Your task is to quote the records from their first line through the line containing "Certified 2026 Porsche Macan Turbo", with nothing added or left out.

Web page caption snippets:
============

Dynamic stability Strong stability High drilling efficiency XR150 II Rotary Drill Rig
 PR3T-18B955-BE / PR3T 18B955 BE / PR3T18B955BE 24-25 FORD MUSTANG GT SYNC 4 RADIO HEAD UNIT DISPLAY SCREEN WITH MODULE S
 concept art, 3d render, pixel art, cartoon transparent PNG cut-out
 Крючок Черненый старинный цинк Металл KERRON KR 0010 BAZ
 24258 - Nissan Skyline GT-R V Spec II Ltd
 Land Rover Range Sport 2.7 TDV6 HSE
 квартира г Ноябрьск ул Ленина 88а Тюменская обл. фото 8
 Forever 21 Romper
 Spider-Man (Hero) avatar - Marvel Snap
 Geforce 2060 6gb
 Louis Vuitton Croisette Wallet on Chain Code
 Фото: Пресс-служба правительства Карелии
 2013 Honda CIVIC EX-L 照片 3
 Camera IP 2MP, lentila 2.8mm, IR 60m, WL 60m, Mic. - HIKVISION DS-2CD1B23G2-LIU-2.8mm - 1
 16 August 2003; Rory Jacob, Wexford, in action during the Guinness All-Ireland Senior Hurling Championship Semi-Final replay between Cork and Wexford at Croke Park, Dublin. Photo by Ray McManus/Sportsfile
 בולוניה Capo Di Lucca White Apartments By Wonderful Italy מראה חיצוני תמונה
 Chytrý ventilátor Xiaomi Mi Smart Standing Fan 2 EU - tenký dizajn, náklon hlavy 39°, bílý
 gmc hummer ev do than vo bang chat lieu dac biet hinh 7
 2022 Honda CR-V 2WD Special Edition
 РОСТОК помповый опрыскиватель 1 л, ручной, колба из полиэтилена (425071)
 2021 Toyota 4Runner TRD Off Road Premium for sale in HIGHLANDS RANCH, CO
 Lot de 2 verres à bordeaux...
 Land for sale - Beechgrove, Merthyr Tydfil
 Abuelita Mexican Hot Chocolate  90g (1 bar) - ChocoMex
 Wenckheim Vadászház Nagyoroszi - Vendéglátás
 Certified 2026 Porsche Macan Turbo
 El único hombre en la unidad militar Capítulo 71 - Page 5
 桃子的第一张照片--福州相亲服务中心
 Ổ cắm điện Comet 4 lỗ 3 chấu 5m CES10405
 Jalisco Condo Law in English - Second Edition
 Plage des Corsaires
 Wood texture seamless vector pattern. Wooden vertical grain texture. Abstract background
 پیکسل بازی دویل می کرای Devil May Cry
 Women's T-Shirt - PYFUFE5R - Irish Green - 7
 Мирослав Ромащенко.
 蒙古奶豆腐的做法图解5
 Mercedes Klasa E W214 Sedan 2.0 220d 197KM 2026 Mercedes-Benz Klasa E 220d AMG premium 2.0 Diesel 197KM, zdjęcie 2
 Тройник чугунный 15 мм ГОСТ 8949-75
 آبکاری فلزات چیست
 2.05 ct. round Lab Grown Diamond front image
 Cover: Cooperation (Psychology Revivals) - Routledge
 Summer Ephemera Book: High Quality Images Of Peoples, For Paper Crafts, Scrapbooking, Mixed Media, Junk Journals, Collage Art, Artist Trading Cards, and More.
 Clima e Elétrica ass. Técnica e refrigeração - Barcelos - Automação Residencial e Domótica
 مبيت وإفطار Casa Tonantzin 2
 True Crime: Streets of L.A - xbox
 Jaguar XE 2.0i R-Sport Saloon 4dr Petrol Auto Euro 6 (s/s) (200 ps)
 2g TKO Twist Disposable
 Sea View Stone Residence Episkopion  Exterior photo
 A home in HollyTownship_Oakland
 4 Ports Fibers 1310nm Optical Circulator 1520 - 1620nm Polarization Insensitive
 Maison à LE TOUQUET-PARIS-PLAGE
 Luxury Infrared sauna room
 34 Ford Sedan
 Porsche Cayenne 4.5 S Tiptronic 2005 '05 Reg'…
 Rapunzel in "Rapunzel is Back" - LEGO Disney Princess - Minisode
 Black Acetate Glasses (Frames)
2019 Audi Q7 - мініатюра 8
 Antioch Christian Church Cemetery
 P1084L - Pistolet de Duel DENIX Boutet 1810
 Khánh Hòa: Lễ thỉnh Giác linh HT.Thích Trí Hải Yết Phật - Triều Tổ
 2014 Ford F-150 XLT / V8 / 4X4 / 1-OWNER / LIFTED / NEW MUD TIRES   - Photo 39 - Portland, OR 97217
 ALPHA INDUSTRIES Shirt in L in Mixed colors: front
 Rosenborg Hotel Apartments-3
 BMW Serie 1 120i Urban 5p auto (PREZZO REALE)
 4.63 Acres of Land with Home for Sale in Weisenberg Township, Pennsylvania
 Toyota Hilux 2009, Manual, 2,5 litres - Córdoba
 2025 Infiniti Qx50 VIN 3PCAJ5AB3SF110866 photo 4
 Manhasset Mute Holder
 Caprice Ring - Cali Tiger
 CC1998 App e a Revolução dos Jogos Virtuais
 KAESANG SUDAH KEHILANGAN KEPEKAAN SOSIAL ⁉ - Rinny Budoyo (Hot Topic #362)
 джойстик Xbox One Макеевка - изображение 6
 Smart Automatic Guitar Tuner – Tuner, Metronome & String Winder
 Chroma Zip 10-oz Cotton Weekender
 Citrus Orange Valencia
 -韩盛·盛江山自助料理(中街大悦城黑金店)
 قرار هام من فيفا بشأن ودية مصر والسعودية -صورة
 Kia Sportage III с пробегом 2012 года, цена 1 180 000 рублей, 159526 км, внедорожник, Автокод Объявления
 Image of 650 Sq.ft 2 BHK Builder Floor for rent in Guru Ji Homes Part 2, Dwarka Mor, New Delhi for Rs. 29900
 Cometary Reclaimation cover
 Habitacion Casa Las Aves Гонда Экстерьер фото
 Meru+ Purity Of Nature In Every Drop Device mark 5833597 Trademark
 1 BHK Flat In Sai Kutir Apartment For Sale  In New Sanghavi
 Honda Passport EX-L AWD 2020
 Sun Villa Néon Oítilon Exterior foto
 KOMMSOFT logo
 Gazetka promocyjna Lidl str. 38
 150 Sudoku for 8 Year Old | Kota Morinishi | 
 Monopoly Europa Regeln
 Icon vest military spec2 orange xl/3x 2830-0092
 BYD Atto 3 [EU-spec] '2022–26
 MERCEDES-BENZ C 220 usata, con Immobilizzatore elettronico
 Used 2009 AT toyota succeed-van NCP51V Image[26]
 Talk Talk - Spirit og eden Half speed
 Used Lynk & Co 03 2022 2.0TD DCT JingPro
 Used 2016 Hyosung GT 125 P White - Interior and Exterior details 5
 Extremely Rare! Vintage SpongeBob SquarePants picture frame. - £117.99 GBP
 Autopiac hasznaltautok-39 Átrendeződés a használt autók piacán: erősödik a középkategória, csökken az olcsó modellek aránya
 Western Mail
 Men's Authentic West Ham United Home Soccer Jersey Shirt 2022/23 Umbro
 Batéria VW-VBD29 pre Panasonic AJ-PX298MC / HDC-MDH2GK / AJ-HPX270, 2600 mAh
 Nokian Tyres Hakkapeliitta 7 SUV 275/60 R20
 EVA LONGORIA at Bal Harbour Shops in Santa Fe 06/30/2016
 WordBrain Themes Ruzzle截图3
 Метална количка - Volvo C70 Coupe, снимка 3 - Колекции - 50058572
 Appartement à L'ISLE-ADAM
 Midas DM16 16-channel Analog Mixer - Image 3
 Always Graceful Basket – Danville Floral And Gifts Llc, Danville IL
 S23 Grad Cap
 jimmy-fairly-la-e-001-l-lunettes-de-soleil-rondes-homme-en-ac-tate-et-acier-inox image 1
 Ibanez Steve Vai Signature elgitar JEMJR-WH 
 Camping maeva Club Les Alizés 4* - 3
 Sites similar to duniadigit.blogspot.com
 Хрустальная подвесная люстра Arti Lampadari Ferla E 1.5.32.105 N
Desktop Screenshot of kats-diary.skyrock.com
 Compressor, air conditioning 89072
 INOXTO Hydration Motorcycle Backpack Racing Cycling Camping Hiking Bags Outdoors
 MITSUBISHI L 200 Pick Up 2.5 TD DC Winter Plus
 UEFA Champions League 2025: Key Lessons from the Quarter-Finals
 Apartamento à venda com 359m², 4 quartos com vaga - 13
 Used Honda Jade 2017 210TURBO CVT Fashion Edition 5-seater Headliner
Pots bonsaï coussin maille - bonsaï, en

============

◆ RESULT OF THIS TASK ◆
Dynamic stability Strong stability High drilling efficiency XR150 II Rotary Drill Rig
 PR3T-18B955-BE / PR3T 18B955 BE / PR3T18B955BE 24-25 FORD MUSTANG GT SYNC 4 RADIO HEAD UNIT DISPLAY SCREEN WITH MODULE S
 concept art, 3d render, pixel art, cartoon transparent PNG cut-out
 Крючок Черненый старинный цинк Металл KERRON KR 0010 BAZ
 24258 - Nissan Skyline GT-R V Spec II Ltd
 Land Rover Range Sport 2.7 TDV6 HSE
 квартира г Ноябрьск ул Ленина 88а Тюменская обл. фото 8
 Forever 21 Romper
 Spider-Man (Hero) avatar - Marvel Snap
 Geforce 2060 6gb
 Louis Vuitton Croisette Wallet on Chain Code
 Фото: Пресс-служба правительства Карелии
 2013 Honda CIVIC EX-L 照片 3
 Camera IP 2MP, lentila 2.8mm, IR 60m, WL 60m, Mic. - HIKVISION DS-2CD1B23G2-LIU-2.8mm - 1
 16 August 2003; Rory Jacob, Wexford, in action during the Guinness All-Ireland Senior Hurling Championship Semi-Final replay between Cork and Wexford at Croke Park, Dublin. Photo by Ray McManus/Sportsfile
 בולוניה Capo Di Lucca White Apartments By Wonderful Italy מראה חיצוני תמונה
 Chytrý ventilátor Xiaomi Mi Smart Standing Fan 2 EU - tenký dizajn, náklon hlavy 39°, bílý
 gmc hummer ev do than vo bang chat lieu dac biet hinh 7
 2022 Honda CR-V 2WD Special Edition
 РОСТОК помповый опрыскиватель 1 л, ручной, колба из полиэтилена (425071)
 2021 Toyota 4Runner TRD Off Road Premium for sale in HIGHLANDS RANCH, CO
 Lot de 2 verres à bordeaux...
 Land for sale - Beechgrove, Merthyr Tydfil
 Abuelita Mexican Hot Chocolate  90g (1 bar) - ChocoMex
 Wenckheim Vadászház Nagyoroszi - Vendéglátás
 Certified 2026 Porsche Macan Turbo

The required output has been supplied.